PI minimum cover: FCA rules in IPRU(INV) set minimum PI cover by firm type and income. Pension transfer firms face specific additional requirements.
PI claims in this sector rarely happen in isolation. They typically arrive alongside FOS complaints, FCA supervisory contact, or SFGB-driven scheme activity.
2. Notification cascade — IFAs-specific
In addition to the cascade in the master handbook:
FCA notification: SUP 15 contains the firm’s obligation to notify the FCA of various matters — including significant adverse PR, breaches, and material disputes. The firm must consider SUP 15 alongside any PI notification.
Principle 11: Open and cooperative dealing with the FCA is a Principle. A material matter that is not promptly disclosed is itself a regulatory problem.
SMCR conduct rules: Where individual conduct is in issue, SMCR notification routes engage.
FOS: Complaints to FOS run on FOS timelines; the firm has 8 weeks (or earlier final response) to deal with the complaint at firm level.
FSCS interaction: For matters likely to lead to firm failure, FSCS is the eventual indemnity backstop.
3. The typical claim patterns we see in IFAs’ PI
3.1 Pension transfer advice (DB to DC)
Sector-defining category. Patterns include:
BSPS-style class activity: Cohort of members advised to transfer from a defined benefit scheme; FOS rules typically determine outcomes on cohort basis.
Insistent client documentation: Advice not to transfer; client insisted; documentation of insistent-client status now disputed.
Critical Yield methodology: Whether the analysis was Red Book-equivalent quality.
Suitability of subsequent investment: Even if transfer was justified, the receiving scheme investment may not have been suitable.
Triage and abridged advice boundaries: Where the firm sought to use FCA’s triage / abridged advice frameworks.
DB transfer advice claims have been the dominant single feature of the IFA PI market for several years.
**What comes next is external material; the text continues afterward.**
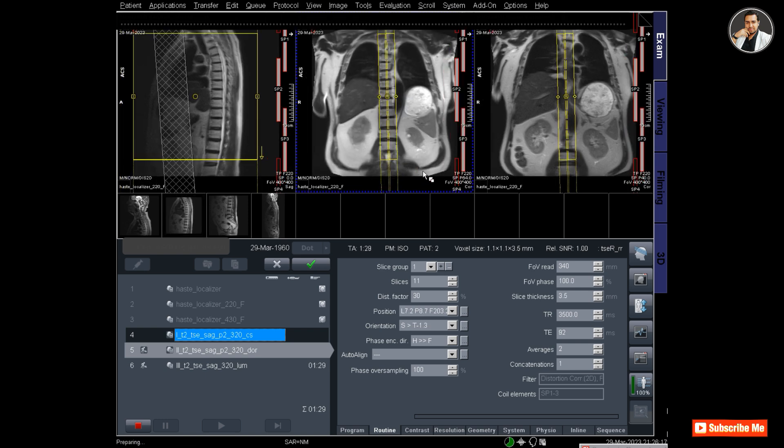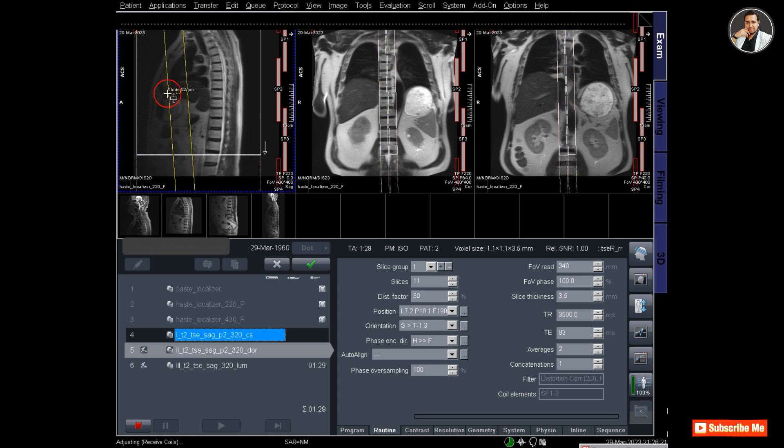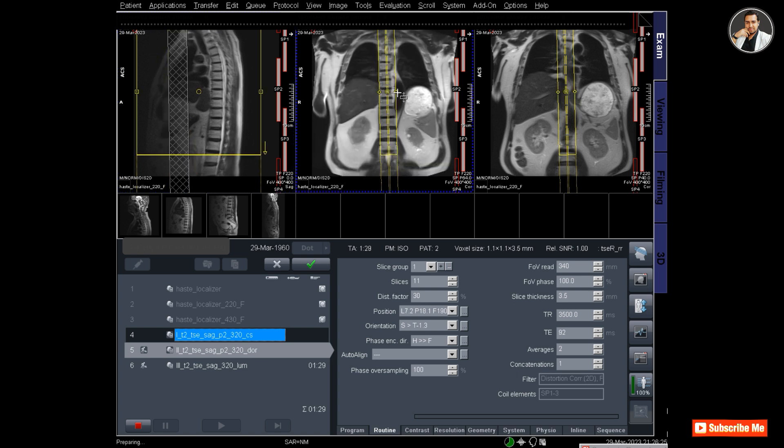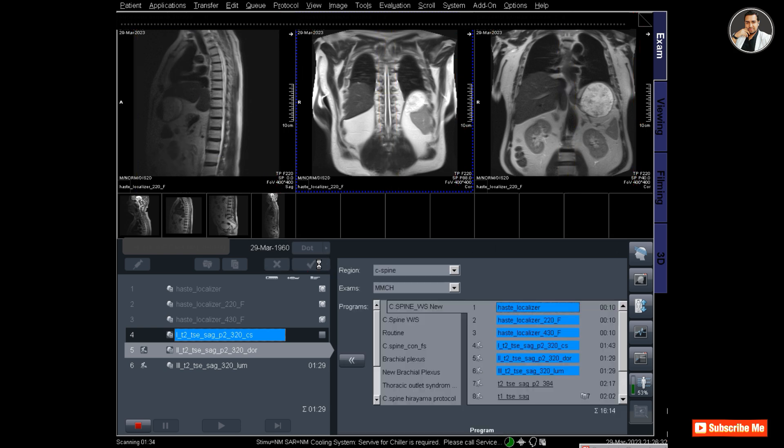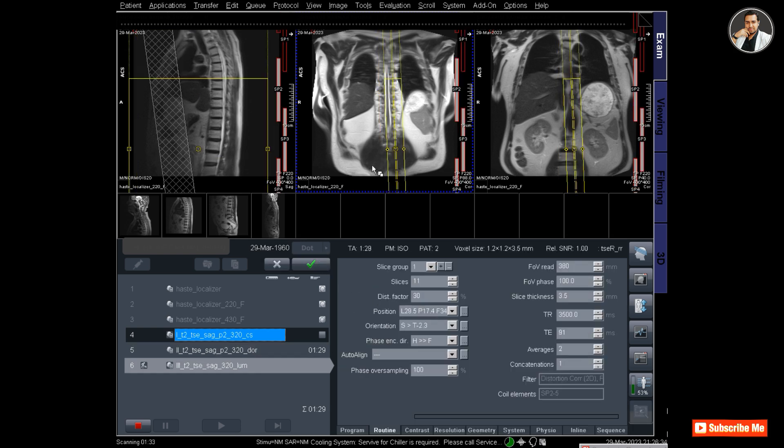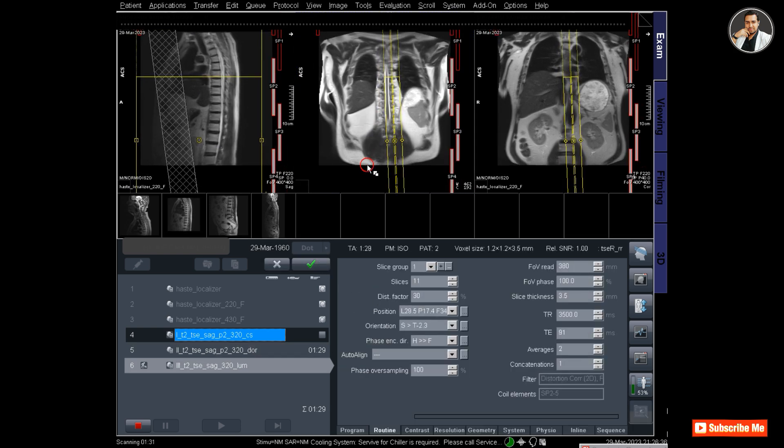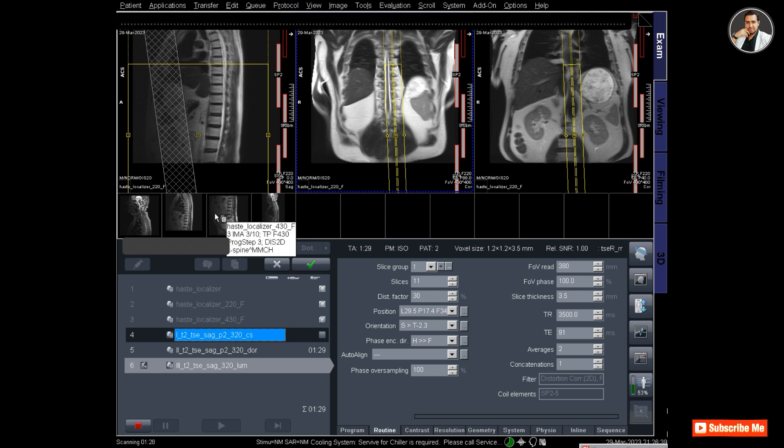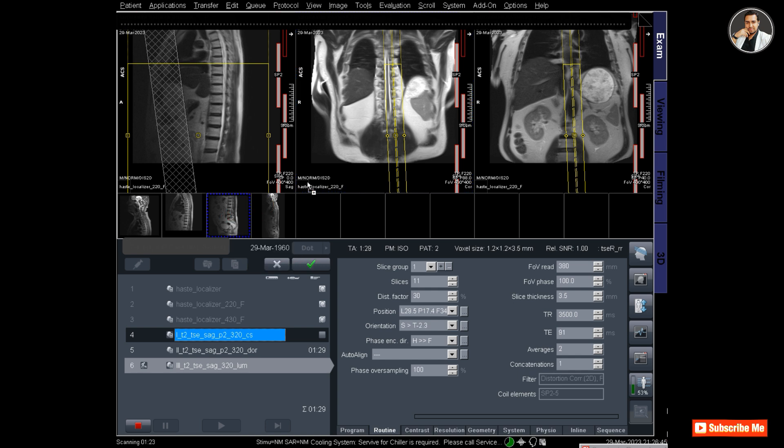Now I'm planning for dorsal. You can see that the slice number is also 11 here. The cervical spine sagittal T2 sequence is running, and I have planned the dorsal spine. Now I have to plan for the lumbar spine part.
PI capacity for “DB-active” firms is materially restricted; “DB-inactive” firms with a back-book still face long-tail exposure.
3.2 Investment advice
Suitability: ATR and capacity for loss assessment alleged inadequate or inconsistent with portfolio held.
Cost and charges disclosure: PROD-aligned cost disclosure failures.
Centralised Investment Proposition issues: Where the firm runs a CIP, suitability at portfolio level vs at member level can diverge.
DFM oversight: Where the firm has delegated to a DFM but retains the advice relationship.
Unregulated investments: SIPP cases involving non-standard / unregulated assets; FCA has driven significant claim activity in this space.
Concentration: Single-stock or single-fund concentration in retail portfolios.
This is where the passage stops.